乗りバスシリーズ、今回は西鉄バス北九州の都市高速路線で急行を名乗る少し変わった経路の通称「恒見急行」に乗りバスしたのでレポートする。
小倉市街地と門司区の恒見営業所を結ぶ路線だが、同区間を走る路線バスはそのほとんどが小倉北区の商業地域や小倉南区のベッドタウンを経由する。しかし恒見急行は人口密集地は通らない。
文/写真:古川智規(バスマガジン編集部)
【画像ギャラリー】恒見急行は砂津まで33分の俊足さが売りだ!
経路選択が豊富な恒見・小倉線
恒見営業所はフェリーターミナルがある新門司港に近く、小倉の市街地へは小倉南区に出て北上し、小倉駅を目指すルートが一般的だ。
それでも複数の経路があり、北九州BRTとして「特快10番」の連節車や、各停10番の一部経路を都市高速に乗せ換えた110番もある。恒見急行はそんなメインルートには目もくれず営業所構内を発車するといきなり逆方向に走り出す。

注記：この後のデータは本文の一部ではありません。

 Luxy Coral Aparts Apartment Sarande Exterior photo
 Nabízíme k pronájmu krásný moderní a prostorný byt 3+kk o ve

記者が乗車した恒見急行は恒見営業所4613・三菱ふそうエアロスターが担当だ。行先は小倉駅バスセンターで、市街地の商業地区へは行かない。恒見営業所を出て一般的なルートとは逆方向に走り出した恒見急行は新門司港付近で山側に進路を変え、峠道を登り始める。
峠のサミットをトンネルで抜けると北九州都市高速道路の大里ランプが現れる。そのまま直進すれば門司駅前に出るのだが、大里ランプから一つ小倉寄りの富野ランプまで4.9キロメートルを都市高速経由でワープする。
富野ランプからは一路、砂津を目指して走る。砂津では門司側からアプローチするので小倉営業所側(砂津バスセンター)に停車するが、特快10番等の小倉南区を回ってくるバスは小倉駅側からアプローチするので砂津には反対側のチャチャタウン小倉側に停車する。
恒見急行は砂津を出るとそのまま終点の小倉駅バスセンターに入る。そこから折り返して恒見営業所に戻る。恒見営業所から砂津まで、特快10番だとダイヤ上では50分、都市高速経由110番と一般道経由の10番では1時間7分かかる。現実は渋滞があるのでダイヤ通りにはいかず遅延が発生する。
それに対して恒見急行は小倉駅以外に接続する鉄道駅はなく砂津なら33分で到達する俊足なので、経路もそうだが効率よく都市高速を利用する急行の名にふさわしい路線なのかもしれない。
特快10番や110番と組み合わせれば往路と復路で経路が重複しない「恒見ループ」が完成するので、乗りバスの行程にいかがだろうか。